Tangent line - a line that touches one point in a curve; it is the instantaneous rate of change of that single point in the curve

Secant line - a line that connects with two points in a curve; it is the average rate of change between the two points of the curve

  • choose variable x before and after the x used to calculate the tangent line

  • you want to understand how the slope behaves as you get closer to the tangent slope (reference the function of limit)

  • use formula (y2 - y1) / (x2 - x1)

Example: f(x) = x^3

  1. Derivative ▸ f’(x) = 3x^2 or f’’(x) = 6x

  2. Slope of tangent line at x = 2▸mtan = f(2) = 12

  3. Slope of secant line at [1, 3] ▸ msec = (y2 - y1) / (x2 - x1) = (f(3)-f(1)) / (3 - 1) = 13

  4. Slope of secant line at [1.9, 2.1] ▸ msec = 12.01

  5. lim x→2 ((fx) - f(2)) / (x - 2)
    lim x→2 (x^3 - 8) / (x - 2) (factor difference of cubes)
    lim x→2((x - 2)(x^2 + 2x + 4))/(x - 2) (cancel out the (x - 2))
    lim x→2 (x^2 + 2x + 4) = 12

Maxima / Minima
Where the slope of the tangent line to the function is zero.

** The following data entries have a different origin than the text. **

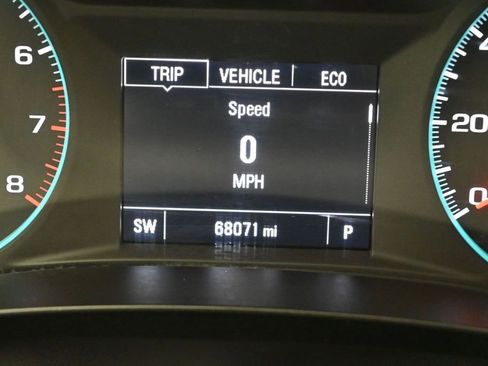 Used 2023 Chevrolet Malibu LT FWD image 16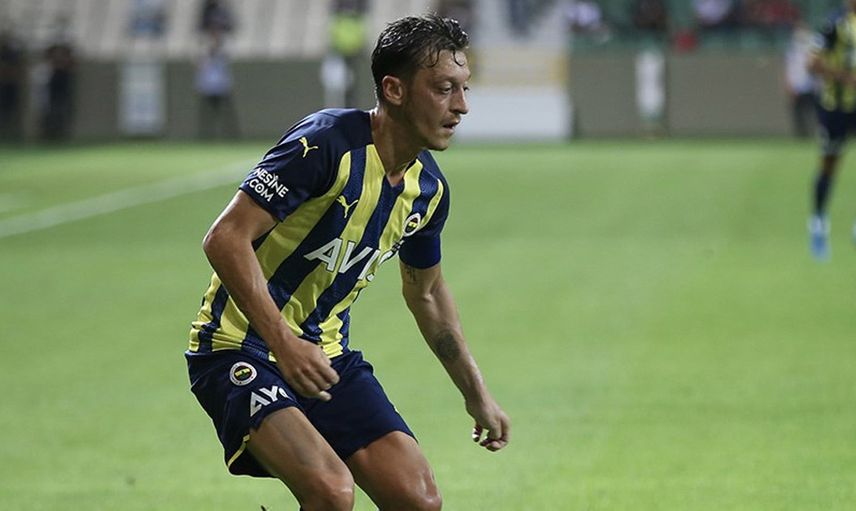 Fenerbahçe'de Mesut Özil, Vitor Pereira İle Toplantı Yaptı!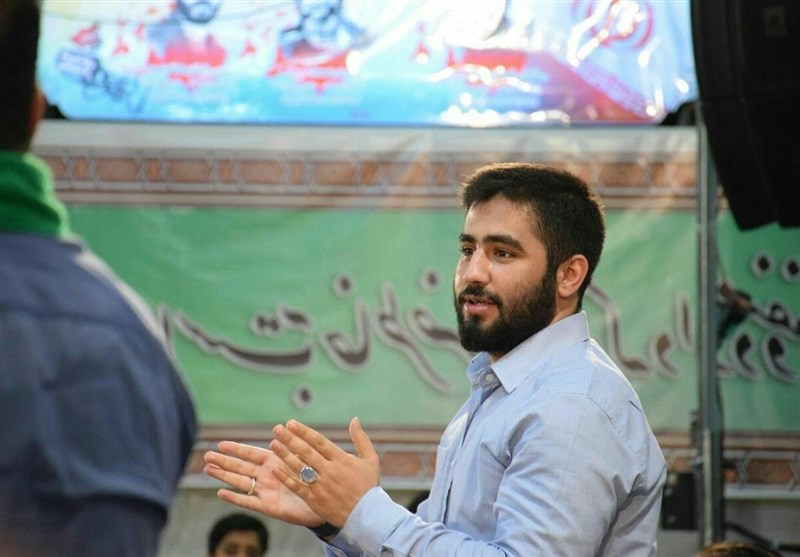 مولودی‌خوانی حسین طاهری در مدح امام جواد (ع) + صوت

Local maxima/minima references to a particular interval, while absolute maxima/minima is the highest/lowest point of the entire domain. There can be multiple points for local but only one absolute.

Steps to find the local min/max:

  1. Set the derivative equal to zero and solve for x or the critical value(s)

  2. Plug in an x value that’s higher and lower into f’(x) to figure out the direction of the slope (negative to positive means minimum, positive to negative means maximum).

  3. If the slope is zero at the critical point x = c (f’(x)=0), then find the second derivative f’’(x).

  4. Plug in the min/max x value into the original function f(x) to find the y-value

  5. Final answer would be that the local min/max is located at (x, y)


Gramma & Beta Functions

Factorial - denoted by (!); the product of all positive integers less than or equal to n; exception for zero 0! = 1; formula is z! = z(z - 1)(z - 2)…1

Gamma Function (Γ) - also “Euler's integral of second kind”; the analytic continuation (a technique to extend the domain of definition of a given analytic function) of the factorial defined at Γ(n)=(n−1)! or Γ(z+1)=zΓ(z) - see proof of integration by parts on the right
But why extend? Factorials can only calculate non-negative integers (a discrete set), and the Gamma function helps generalize the factorial into more complex numbers (a continuous set)

  • Formula is Γ(z) = lim 0→∞ ∫x^(z-1)e^-x dx

  • Or also Γ(z+1) = lim 0→∞ ∫(x^z)(e^-x) dx

  • When z is a real number Γ(z+1) = z! or Γ(z) = (z - 1)!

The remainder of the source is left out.